In his case, the ignorance is willful and his colonialist attitude is the last thing we need as a nation, which we're slowly becoming. Whatever silly old pink men may imagine, it will only work if brown-skinned and pink-skinned people respect each other's different-ness. Bowing to the superiority of the pink-skinned is just not a goer an more and why should it be?
Brash is a fine example of the drawbacks in taking up a narrow academic discipline. Just because you're a dab hand with the calculator doesn't make you competent to debate complex social and cultural issues.
I'm thinking, too, of his hard line on welfare, which he'd bring to an alliance with National.
After walking out on two families, he's in a tricky position to point at other peoples' failings. Or does it boil down to being OK to abandon marriages if you're rich enough to clean up the mess?

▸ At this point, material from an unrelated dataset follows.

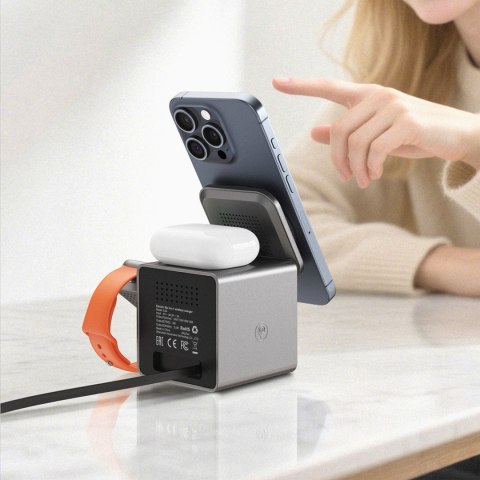 Ładowarka indukcyjna 3w1 na smartfon słuchawki smartwatch z kablem 22.5W - szara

That's my gripe of the week. I realise others are more excited by All Black Zac Guildford, who has once again embarrassed himself while drunk. The 22-year-old has told his coach that he can't remember anything about his naked, drunken dash into a bar in Rarotonga last Friday night, where he punched some patrons, apologised, then ran off to join five women waiting for him outside.

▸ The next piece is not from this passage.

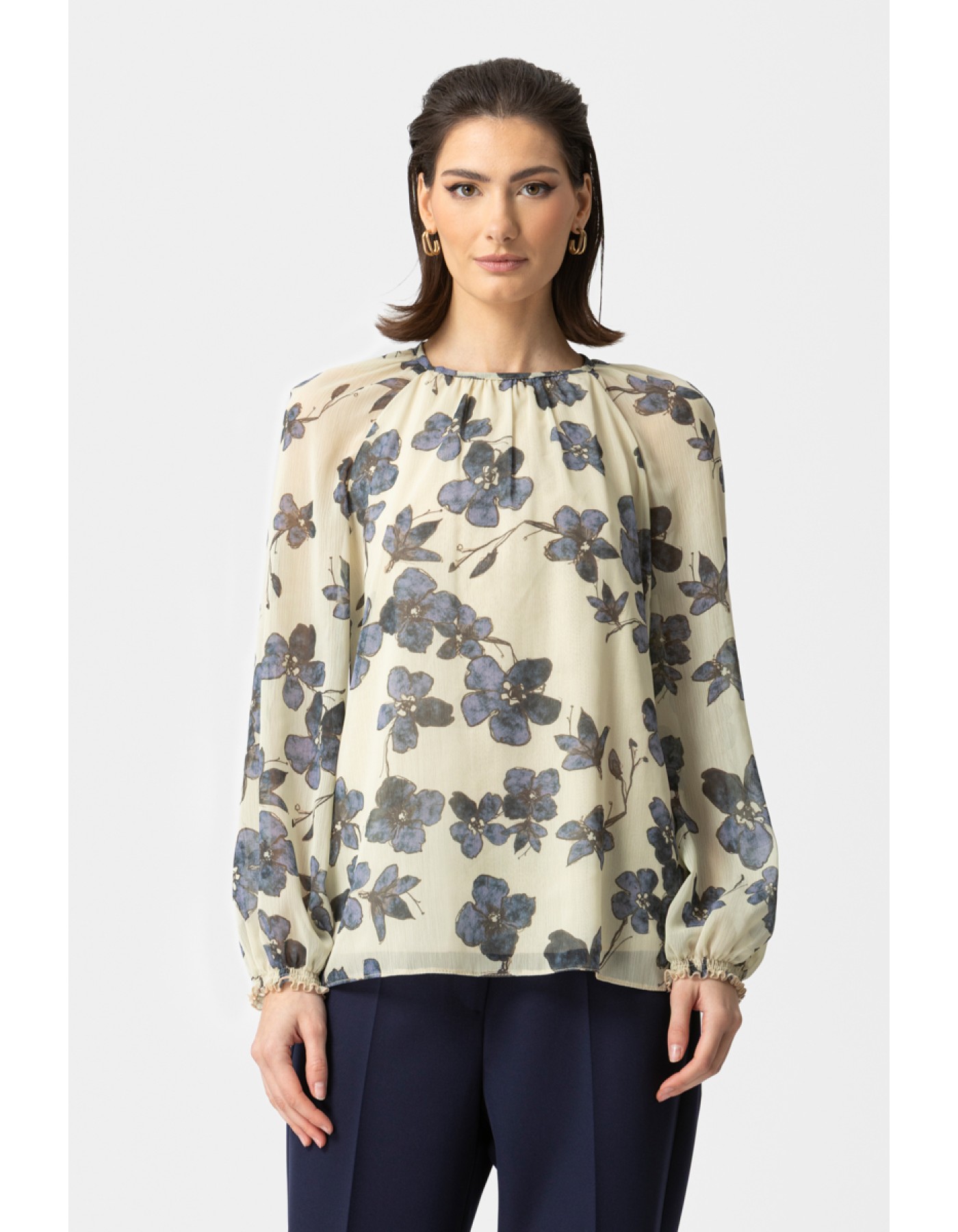 Μπλούζα εμπριμέ διαφάνεια Deni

If he was a 22-year-old Dunedin student this would all amount to a mere Saturday-night excursion, of admittedly legendary proportions. As an All Black, it puts his professional future on the line.
It's Guildford's bad luck to be a poster boy for addiction; he has reportedly had to deal in the past with addictive and compulsive tendencies involving alcohol and gambling. To contend with these in public can't be easy, and goodness knows they're widespread enough in sport and celebrity culture.
They even make reality TV shows about it.
On one hand, we're a willing audience for trash television that exploits people like him but, on the other, we condemn trashy behaviour when it's close to home. Surely we need to acknowledge that it's genuinely hard for people with such compulsions to change and to wonder, therefore, why services dedicated to helping them lose their funding.
Perhaps Dr Brash could explain the logic of that.
Guildford's memory lapse reminds me of the Winebox inquiry, when so many prominent New Zealanders claimed memory lapses, even while stony sober. But in his case it's the five waiting women that grip the imagination. Were they holding on to his missing pants? When did he take them off? And why?
We may not know the answers to these intriguing questions, but the scenario suggests that if rugby isn't going to be Guildford's career, he can always fall back on something of a more theatrical nature.